The VAE Used for Stable Diffusion Is Flawed

1. joefourier ◴[01 Feb 24 14:00 UTC] No.39215949[source]▶

I’ve done a lot of experiments with latent diffusion and also discovered a few flaws in the SD VAE’s training and architecture, which have hardly no attention brought to them. This is concerning as the VAE is a crucial competent when it comes to image quality and is responsible for many of the artefacts associated with AI generated imagery, and no amount of training the diffusion model will fix them.

A few I’ve seen are:

- The goal should be to have latent outputs as closely resemble gaussian distributed terms between -1 and 1 with a variance of 1, but the outputs are unbounded (you could easily clamp or apply tanh to force them to be between -1 and 1), and the KL loss weight is too low, hence why the latents are weighed by a magic number to more closely fit the -1 to 1 range before being invested by the diffusion model.

- To decrease the computational load of the diffusion model, you should reduce the spatial dimensions of the input - having a low number of channels is irrelevant. The SD VAE turns each 8x8x3 block into a 1x1x4 block when it could be turning it into a 1x1x8 (or even higher) block and preserve much more detail at basically 0 computational cost, since the first operation the diffusion model does is apply a convolution to greatly increase the number of channels.

- The discriminator is based on a tiny PatchGAN, which is an ancient model by modern standards. You can have much better results by applying some of the GAN research of the last few years, or of course using a diffusion decoder which is then distilled either with consistency or adversarial distillation.

- KL divergence in general is not even the most optimal way to achieve the goals of a latent diffusion model’s VAE, which is to decrease the spatial dimensions of the input images and have a latent space that’s robust to noise and local perturbations.
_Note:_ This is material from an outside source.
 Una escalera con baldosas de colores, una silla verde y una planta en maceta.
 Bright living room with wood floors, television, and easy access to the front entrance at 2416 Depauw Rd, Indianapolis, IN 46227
I’ve had better results with a vanilla AE, clamping the outputs, having a variance loss term and applying various perturbations to the latents before they are ingested by the decoder.

replies(6): >>39216175 #>>39216367 #>>39216653 #>>39217093 #>>39219506 #>>39316949 #

2. exo-pla-net ◴[01 Feb 24 14:19 UTC] No.39216175[source]▶

>>39215949 (TP) #

Sounds like they ought hire you.

3. Cacti ◴[01 Feb 24 14:34 UTC] No.39216367[source]▶

>>39215949 (TP) #

All your points are good ones and were knowable by any researcher at the time who wasn’t, idk, a new grad or new to CV. I always assumed they just threw the VAE in there using the default options from the original VAE paper and never thought about it much again, or never looked into it due to the training cost (for hyperparam search, mainly). I don’t remember most of the points you raised being common knowledge when the VAE paper came out, but they certainly were when the stable diffusion paper came out.

replies(1): >>39216692 #

4. meowface ◴[01 Feb 24 14:57 UTC] No.39216653[source]▶

>>39215949 (TP) #

Is anyone actively working on new models that take these (and the issue raised in the link) into account?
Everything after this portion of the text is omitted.